Suppose $a_1,…,a_k$ and $b$ are vectors in $\mathbb{R}^n$, such that $b \ne 0$, and $a_1,…,a_k$ are different from each other.
Also, suppose the equation $x_1a_1+…+x_ka_k = b$ has an infinite amount of solutions.
Now, assume $k \ge n+1$.
Can we say that the set $\{a_1,…,a_k\}$ spans $\mathbb{R}^n$?
I think the answer is positive. The reason is as follows:
$k \ge n+1$ implies a matrix with more columns than rows. Given that $x_1a_1+…+x_ka_k = b$ has an infinite amount of solutions, we can build a matrix that comprises of this exact linear combination and be sure we'd get an infinite amount of solutions. In that matrix, $b$ represents any vector in $\mathbb{R}^n$, and since we'd get an infinite amount of solutions, it means that any vector in $\mathbb{R}^n$ is a linear combination of $\{a_1,…,a_k\}$, hence $\{a_1,…,a_k\}$ spans $\mathbb{R}^n$.

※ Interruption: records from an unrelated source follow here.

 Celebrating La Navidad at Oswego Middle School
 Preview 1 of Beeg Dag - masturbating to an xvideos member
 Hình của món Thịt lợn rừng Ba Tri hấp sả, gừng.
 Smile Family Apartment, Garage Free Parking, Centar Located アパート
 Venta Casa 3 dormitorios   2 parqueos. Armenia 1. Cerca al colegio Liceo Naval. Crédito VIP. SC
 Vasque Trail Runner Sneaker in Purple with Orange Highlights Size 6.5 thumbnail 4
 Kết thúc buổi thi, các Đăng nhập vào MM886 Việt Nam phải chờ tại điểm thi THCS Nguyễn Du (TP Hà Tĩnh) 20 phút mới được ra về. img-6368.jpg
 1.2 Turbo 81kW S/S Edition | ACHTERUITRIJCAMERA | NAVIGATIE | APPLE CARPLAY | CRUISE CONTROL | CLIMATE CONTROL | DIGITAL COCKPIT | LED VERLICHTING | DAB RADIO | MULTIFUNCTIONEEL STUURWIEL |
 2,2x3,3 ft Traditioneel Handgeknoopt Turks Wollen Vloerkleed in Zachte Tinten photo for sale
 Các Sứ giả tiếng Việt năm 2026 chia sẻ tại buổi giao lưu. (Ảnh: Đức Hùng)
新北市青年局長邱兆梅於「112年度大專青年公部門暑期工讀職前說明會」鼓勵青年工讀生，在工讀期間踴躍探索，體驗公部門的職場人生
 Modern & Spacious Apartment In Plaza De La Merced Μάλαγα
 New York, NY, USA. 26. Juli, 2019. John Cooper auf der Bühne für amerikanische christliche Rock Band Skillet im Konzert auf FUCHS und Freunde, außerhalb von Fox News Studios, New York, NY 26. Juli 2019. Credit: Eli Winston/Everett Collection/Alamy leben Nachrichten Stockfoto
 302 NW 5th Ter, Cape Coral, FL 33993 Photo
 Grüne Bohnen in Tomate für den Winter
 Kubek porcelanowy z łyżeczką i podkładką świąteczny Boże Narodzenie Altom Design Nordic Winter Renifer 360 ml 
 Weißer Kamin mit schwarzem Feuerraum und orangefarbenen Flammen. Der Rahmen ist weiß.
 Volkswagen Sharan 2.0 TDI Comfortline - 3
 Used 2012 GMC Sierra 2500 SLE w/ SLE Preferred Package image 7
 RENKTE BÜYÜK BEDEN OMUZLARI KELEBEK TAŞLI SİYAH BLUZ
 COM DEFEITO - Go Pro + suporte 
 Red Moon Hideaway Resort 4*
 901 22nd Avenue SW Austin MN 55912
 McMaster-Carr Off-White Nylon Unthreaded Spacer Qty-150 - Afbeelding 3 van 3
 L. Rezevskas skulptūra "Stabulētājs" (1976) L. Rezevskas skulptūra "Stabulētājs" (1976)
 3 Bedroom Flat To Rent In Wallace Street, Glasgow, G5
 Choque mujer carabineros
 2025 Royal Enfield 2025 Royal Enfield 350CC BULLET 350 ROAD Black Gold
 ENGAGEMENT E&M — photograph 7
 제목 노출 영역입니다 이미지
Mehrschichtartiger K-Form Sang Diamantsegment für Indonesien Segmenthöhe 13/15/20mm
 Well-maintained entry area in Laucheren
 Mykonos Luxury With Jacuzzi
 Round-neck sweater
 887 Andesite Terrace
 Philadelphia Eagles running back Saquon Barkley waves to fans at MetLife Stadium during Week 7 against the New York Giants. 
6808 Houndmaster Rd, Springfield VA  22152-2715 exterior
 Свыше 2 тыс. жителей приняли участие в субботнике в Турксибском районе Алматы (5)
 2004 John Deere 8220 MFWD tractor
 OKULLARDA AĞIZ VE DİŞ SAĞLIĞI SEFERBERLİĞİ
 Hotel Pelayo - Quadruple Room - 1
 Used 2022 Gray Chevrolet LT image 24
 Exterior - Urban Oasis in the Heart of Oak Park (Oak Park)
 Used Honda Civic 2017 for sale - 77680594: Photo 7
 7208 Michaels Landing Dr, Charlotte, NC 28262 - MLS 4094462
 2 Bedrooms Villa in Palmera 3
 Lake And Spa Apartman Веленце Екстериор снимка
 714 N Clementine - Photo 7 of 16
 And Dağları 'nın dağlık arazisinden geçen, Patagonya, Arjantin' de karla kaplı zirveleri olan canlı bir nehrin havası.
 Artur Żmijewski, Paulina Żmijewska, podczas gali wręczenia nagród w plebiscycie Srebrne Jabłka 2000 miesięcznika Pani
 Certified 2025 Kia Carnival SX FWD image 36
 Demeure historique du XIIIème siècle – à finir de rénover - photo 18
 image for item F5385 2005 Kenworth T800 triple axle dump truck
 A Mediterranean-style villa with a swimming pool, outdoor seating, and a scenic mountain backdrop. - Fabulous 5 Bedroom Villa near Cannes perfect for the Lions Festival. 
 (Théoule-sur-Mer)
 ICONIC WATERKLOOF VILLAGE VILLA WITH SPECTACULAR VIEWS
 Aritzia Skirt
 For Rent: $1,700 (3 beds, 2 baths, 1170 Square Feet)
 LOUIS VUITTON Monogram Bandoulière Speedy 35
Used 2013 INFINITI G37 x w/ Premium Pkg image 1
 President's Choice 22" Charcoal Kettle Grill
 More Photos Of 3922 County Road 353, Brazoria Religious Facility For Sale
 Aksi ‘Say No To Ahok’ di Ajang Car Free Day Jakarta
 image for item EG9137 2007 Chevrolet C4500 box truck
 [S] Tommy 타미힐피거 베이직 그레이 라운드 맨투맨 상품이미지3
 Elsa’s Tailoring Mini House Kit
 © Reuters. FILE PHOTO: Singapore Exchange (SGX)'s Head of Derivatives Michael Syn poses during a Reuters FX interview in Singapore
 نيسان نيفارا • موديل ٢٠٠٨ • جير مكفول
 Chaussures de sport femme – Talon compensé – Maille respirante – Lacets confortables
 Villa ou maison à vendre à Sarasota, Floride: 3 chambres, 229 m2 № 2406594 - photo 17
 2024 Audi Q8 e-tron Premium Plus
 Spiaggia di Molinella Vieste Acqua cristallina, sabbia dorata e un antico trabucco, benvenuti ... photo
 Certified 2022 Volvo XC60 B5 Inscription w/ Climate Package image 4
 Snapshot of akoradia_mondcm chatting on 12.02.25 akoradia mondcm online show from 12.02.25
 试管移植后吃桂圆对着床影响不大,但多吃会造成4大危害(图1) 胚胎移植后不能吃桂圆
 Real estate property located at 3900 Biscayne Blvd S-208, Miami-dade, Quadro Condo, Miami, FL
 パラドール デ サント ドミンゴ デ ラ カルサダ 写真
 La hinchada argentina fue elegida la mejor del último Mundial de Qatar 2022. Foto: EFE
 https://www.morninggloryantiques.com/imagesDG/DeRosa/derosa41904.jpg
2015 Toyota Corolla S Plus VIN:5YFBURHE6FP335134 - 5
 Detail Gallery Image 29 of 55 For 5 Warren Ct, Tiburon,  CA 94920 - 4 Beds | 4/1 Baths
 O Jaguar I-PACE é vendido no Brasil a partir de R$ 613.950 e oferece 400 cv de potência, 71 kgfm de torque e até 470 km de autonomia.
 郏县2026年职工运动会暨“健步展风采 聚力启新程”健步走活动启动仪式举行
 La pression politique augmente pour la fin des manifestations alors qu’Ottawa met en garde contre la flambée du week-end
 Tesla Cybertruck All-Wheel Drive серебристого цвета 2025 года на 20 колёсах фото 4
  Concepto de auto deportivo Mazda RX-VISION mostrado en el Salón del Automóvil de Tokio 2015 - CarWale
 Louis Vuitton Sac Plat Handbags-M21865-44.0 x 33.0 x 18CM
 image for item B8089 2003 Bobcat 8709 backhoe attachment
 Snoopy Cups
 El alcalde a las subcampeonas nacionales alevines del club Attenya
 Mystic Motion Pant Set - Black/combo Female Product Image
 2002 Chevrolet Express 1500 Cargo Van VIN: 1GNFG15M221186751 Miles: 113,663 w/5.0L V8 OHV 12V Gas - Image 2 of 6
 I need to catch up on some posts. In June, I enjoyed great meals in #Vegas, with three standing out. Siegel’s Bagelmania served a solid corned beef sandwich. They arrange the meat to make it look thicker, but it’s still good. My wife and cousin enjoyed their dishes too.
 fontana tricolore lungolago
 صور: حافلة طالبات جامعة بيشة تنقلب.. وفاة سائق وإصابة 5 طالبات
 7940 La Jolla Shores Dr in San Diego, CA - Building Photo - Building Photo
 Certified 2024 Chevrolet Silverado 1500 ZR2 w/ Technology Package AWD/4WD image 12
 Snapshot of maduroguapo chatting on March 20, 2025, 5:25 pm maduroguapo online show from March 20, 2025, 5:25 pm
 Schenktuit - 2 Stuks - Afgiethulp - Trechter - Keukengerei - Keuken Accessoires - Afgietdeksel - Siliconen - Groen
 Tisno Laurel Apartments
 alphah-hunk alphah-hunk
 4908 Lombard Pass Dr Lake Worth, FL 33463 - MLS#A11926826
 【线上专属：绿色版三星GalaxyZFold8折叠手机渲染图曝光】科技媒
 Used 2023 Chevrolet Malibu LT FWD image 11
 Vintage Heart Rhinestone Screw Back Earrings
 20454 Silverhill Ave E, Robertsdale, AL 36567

However, I'm not sure that I'm right, and in any case it doesn't seem like a well-structured proof to me. So, I'd like to know if I'm right, and if so, how can I build a structured proof out of this?
Best Answer
This is false. Here is a simple counterexample: let $n=3$, $k=4$, $a_1=(1,0,0)$, $a_2=(0,1,0)$, $a_3=(1,1,0)$, $a_4=(-1,-1,0)$ and $b=(1,0,0)$. Clearly $\{a_1,a_2,a_3,a_4\}$ does not span $\mathbb{R}^3$ and $\sum_{i=1}^4 x_ia_i=b$ has infinitely many solutions (in fact, $x=(1,0,\lambda,\lambda)$ is a solution for every $\lambda$).